But the differences between the treatment of women in the new literature, and that to which they were exposed in the literature we have just been studying, will be most readily made clear if we proceed at once to the detailed examination of the former.
The first and most prominent feature of the New Comedy treatment of the love of men for women is its insistance on marriage—that is to say, on a definite guarantee of permanence and constancy—as the one proper consummation of such love. In fact, as we have already had occasion to observe in another place, the idealisation of marriage is the basis of Greek romance.[268]
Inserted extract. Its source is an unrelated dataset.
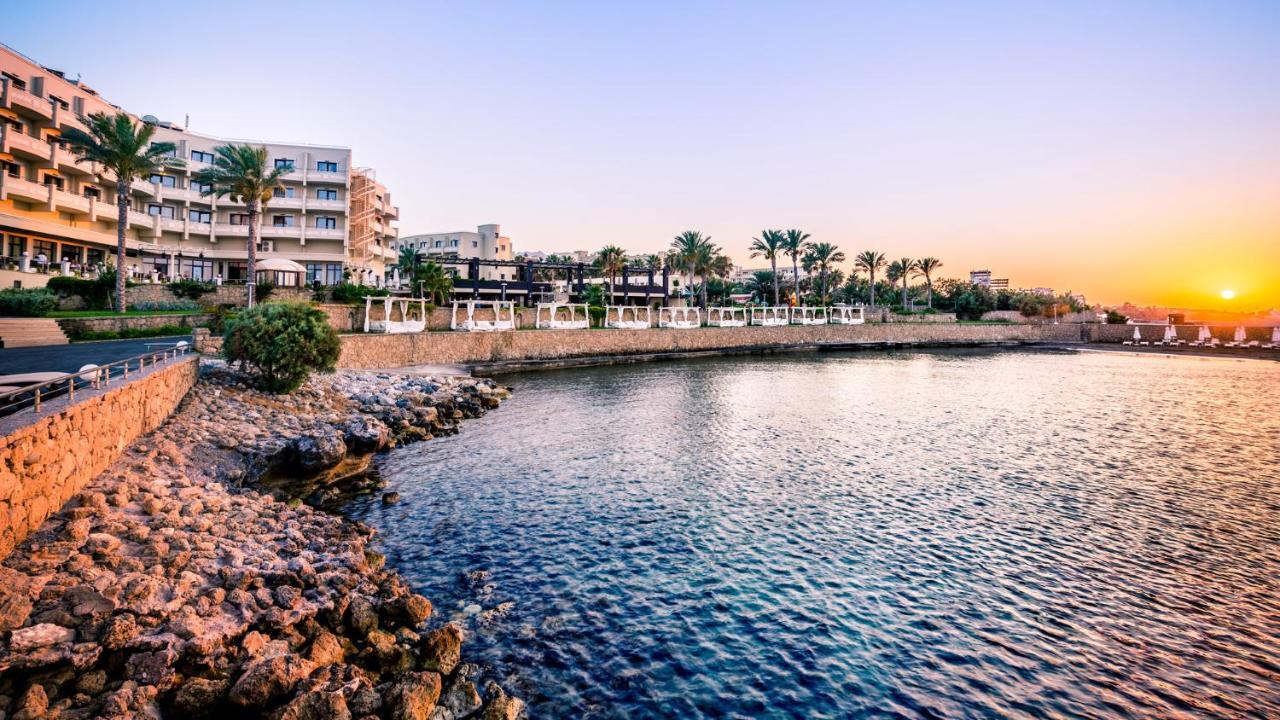 Vuni Palace Luxury Resort & Beach & Casino Kyrenia (Northern Cyprus) Exterior photo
This insistance on marriage is, of course, most strikingly exemplified in the typical New Comedy plot, which is sufficiently familiar to every student of the Latin comedians. Thus, in five of these Latin plays, the Heauton Timorumenos (of Menander), the Phormio (of Apollodorus), the Rudens (of Diphilus), the Curculio, and the Poenulus,[269] the story is of exactly the kind that subsequently appears in the Greek novel—a young man falls in love with a virgin, and, after various misfortunes which threaten to separate the pair, they are eventually married, and live happily ever afterwards.
On this class of plot it is unnecessary to dwell, except that it may be worth while just to draw attention to the extremely passionate nature of the love which makes these young men so anxious to marry. The modern reader would instinctively expect that the confinement of love to these legitimate and, as one would now consider them, commonplace channels, would inevitably lead to a lessening of its charm, and a diminution of its force. As a matter of fact, the result was the very reverse. Not only has the character of man’s love for woman changed, but this love has developed an intensity of poetry and passion which has never belonged to it before.[270] Instances are easy to find; the most striking one is perhaps shown us at the meeting of Phaedromus and Planesium, in the Curculio (i. 3):
Pl. tene me, amplectere ergo! Ph. hoc etiam est quamobrem cupiam vivere.
quia te prohibet herus, clam hero potior. Pl. prohibet, nec prohibere quit,
nec prohibebit, nisi mors meum animum abs te abalienaverit.
Ph. sibi sua habeant regna reges, sibi divitias divites,
sibi honores sibi virtutes sibi pugnas sibi proelia!